Der Prozess soll aber nicht nur wissenschaftlich begleitet werden, sondern – je nach Wunsch – auch von ausgelagerten Consulting-Unternehmen. Diese sollen Betrieben helfen, funktionale Klimakonzepte zu entwickeln. Also wie Veränderungen in den Bereichen Energie, Mobilität oder Ressourcenmanagement aussehen sollten, damit das Zielbudget eingehalten wird.

Quartalsweise Evaluation

Der Fortschritt soll quartalsweise evaluiert und Maßnahmen sollen gegebenenfalls angepasst werden. "Wir wollen Unternehmen beim Klimaschutz nicht allein lassen", erklärt Kirchengast die Idee hinter dem Projekt.

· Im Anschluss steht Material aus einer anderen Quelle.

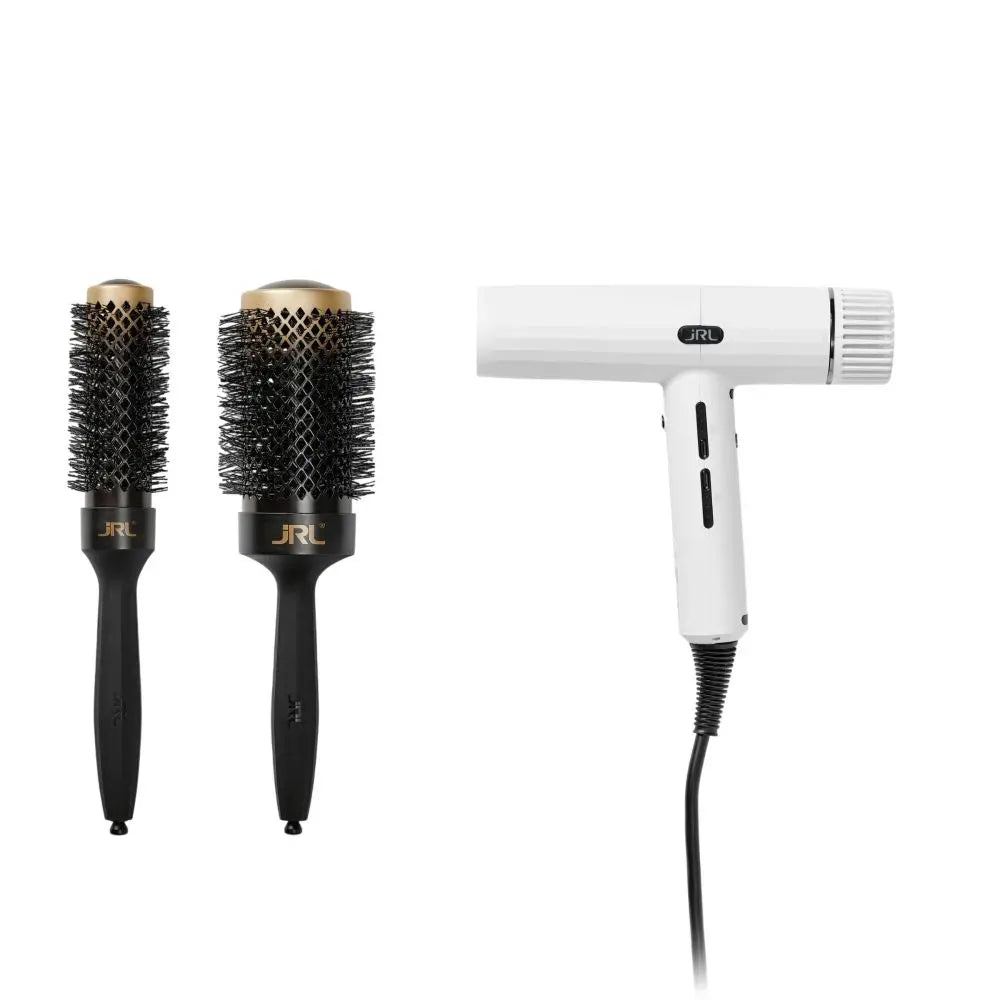 JRL PROFESSIONAL Forte Pro 2020H hair dryer set Hair dryer + 2 round brushes White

Das Carbon-Management setzt natürlich voraus, dass Unternehmer selbst Interesse am Klimaschutz haben. Das ist in Österreich durchaus der Fall: Immer mehr Betriebe fordern klare Klimaschutzvorgaben. Erst im Dezember sprachen sich einige größere Konzerne, darunter Spar und Ikea, in einem offenen Brief für höhere Klimaziele aus.

Mit dem gleichen Fokus auf das Ziel wie die Läuferinnen bei der Leichtathletik-WM in Barcelona soll sich Österreich in Richtung Klimaneutralität bewegen.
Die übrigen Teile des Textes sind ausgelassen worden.